Nel 1910 o giù di lì, Giuseppe Prezzolini, direttore della Voce, una delle maggiori riviste culturali
italiane dell’epoca, invitò a Firenze un collaboratore d’eccezione: Benedetto Croce. Il celebre
filosofo accettò, e nel giro di qualche settimana giunse da Napoli in treno e prese alloggio in un noto
albergo cittadino. Si era in maggio inoltrato, il tempo era splendido, Firenze si offriva al visitatore
nel suo aspetto più seducente. Sapendo che a don Benedetto la città era del tutto nuova, i redattori
della Voce gli mandarono un biglietto con la proposta di una passeggiata nei dintorni, durante la
quale l’eletta compagnia avrebbe potuto discutere degli argomenti “caldi” da trattare nei numeri
successivi della rivista. Accettata dal Croce la profferta, nel primo pomeriggio di due giorni dopo i
redattori entrano nell’albergo e si fanno annunciare all’ospite dal concierge; mentre aspettano costui li
informa del fatto, davvero inconsueto per un forestiero, che fin lì “il signore” si è mosso dalla
propria camera solo per consumare i pasti nella sala comune.
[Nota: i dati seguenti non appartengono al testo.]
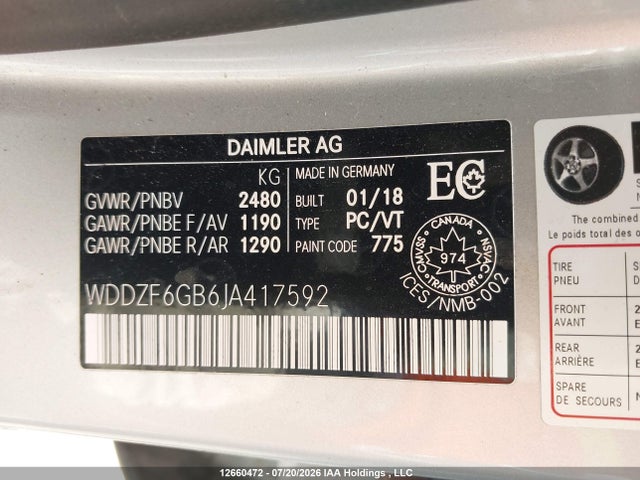 WDDZF6GB6JA417592 Mercedes-Benz E 400 4matic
Di lì a pochi minuti Croce sbuca dall’ascensore, e dopo le presentazioni e felicitazioni di rito il
gruppetto sale su una vettura di piazza e si fa deporre ai piedi delle rampe di San Niccolò. L’idea è
quella di proseguire a piedi verso piazzale Michelangelo, in modo che l’illustre visitatore possa
ammirare il panorama che si allarga con il procedere dell’ascesa. Lungo le scale si parla, si pongono
domande e obiezioni, ci s’infervora; ma mentre gli altri, pur abituati alla veduta della città, si
soffermano ogni tanto, volgendo lo sguardo allo spettacolo di Firenze nella cornice della natura
trionfante, don Benedetto continua implacabile ad argomentare, il bastone da passeggio
sottobraccio, senza mai distogliere gli occhi dalla punta delle scarpe.
I “vociani” ne rimasero sgomenti; e oltre mezzo secolo dopo Prezzolini, a Firenze di passaggio,
racconterà divertito l’aneddoto in una conferenza tenuta al circolo Leonardo di palazzo Corsini.